I think this time of year is also a good time for us to take inventory, to evaluate our attitude toward our prosperity and our attitude toward our view of money. I know that any time a pastor mentions money there is a tendency to want to check out or duck out of the service, but I don’t want you to get the wrong idea; this isn’t a topic we talk about every week. And I can promise you that you won’t hear from me today that all you have to do is open your checkbook and that new car you’ve been wanting will be sitting in your driveway when you get home, or that new house will be given to you for free! I wish it worked that way. It doesn’t and any preacher who says it does is lying and just trying to line their pockets.

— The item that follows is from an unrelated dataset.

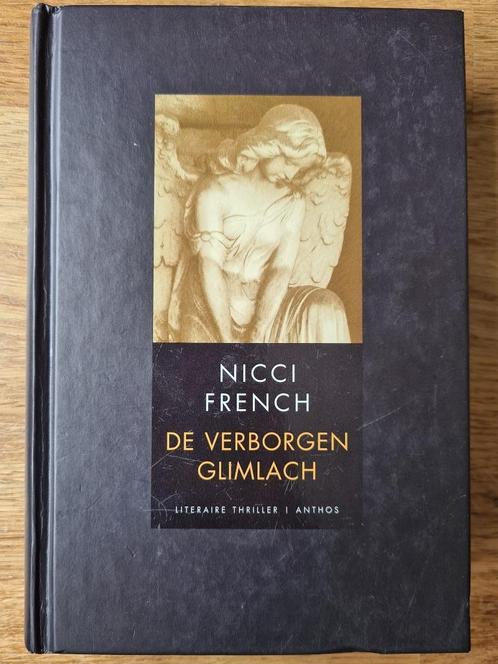 Boek de verborgen glimlach. Nicci French, Boeken, Thrillers, Zo goed als nieuw, Nederland, Ophalen of Verzenden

For those who want to know why this is the subject for today’s message, it is not because we are behind on income in the budget this year. It is true, we are behind, but a least once a year, I try to bring us around to the topic of money, giving, generosity, and our attitudes toward it, because of the great importance it holds in our lives.

Do you realize that Jesus spoke about money a lot too. So, I am in good company. In fact, 11 of his 39 parables in Luke are about money. For those that like numbers, that is 28% of the parables about this one subject.

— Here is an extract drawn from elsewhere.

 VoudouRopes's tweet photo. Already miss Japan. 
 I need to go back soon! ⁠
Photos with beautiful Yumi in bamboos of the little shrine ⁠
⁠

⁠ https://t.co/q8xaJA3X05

This should show us that there is a real danger when it comes to how we view money. There is something here we need to pay attention to. And today, I want us to look at one of these parables in Luke to remind us how it is not who has the most toys that wins in the game of life, but that there are different types of rich and we need to be sure we are rich toward God.

The Parable

In Luke, we find an interesting interaction between Jesus and a guy that’s a part of a crowd who has been listening to Jesus. Jesus has been teaching and a crowd has gathered around him, pressing in to hear what he has to say.

Luke 12:13-21

 Someone in the crowd said to him, “Teacher tell my brother to divide the inheritance with me.”

Jesus replied, “Man, who appointed me a judge or an arbiter between you?” Then he said to them, “Watch out! Be on your guard against all kinds of greed; a man’s life does not consist in the abundance of his possessions.”

And he told them this parable: “The ground of a certain rich man produced a good crop. He thought to himself, ‘What shall I do? I have no place to store my crops.’

“Then he said, ‘This is what I’ll do. I will tear down my barns and build bigger ones, and there I will store all my grain and my goods.  And I’ll say to myself, “You have plenty of good things laid up for many years. Take life easy; eat, drink and be merry.”‘

“But God said to him, ‘You fool! This very night your life will be demanded from you. Then who will get what you have prepared for yourself?”

“This is how it will be with anyone who stores up things for himself but is not rich toward God.”

This story may seem strange to us, but for the times, it wasn’t uncommon. Jesus was recognized by many as a Rabbi, or teacher. If there was a dispute, it was common to take the dispute to a rabbi for adjudication. Here was a man whose father had died and he wanted his inheritance. The man obviously thought he was being treated unfairly in the distribution of that inheritance, and he wanted someone to make it right. So he went to Jesus hopeful that he would get the answer he wanted.

What is interesting is how the man words his request for Jesus to intervene. It is the way he makes his request that reveals to us what Jesus saw in this man’s heart. He doesn’t ask for Jesus to tell his brother to do what is fair, or to do what is customary according to Jewish law. He says, “Tell him to divide it with me.” In essence, he is telling Jesus, “I know I haven’t presented both sides of this case; you don’t know the entire story, but I still want you to decide in my favor.”

Jesus uses this as an opportunity to teach not just this man, but the entire crowd, a very important lesson about money, greed, and abundant life.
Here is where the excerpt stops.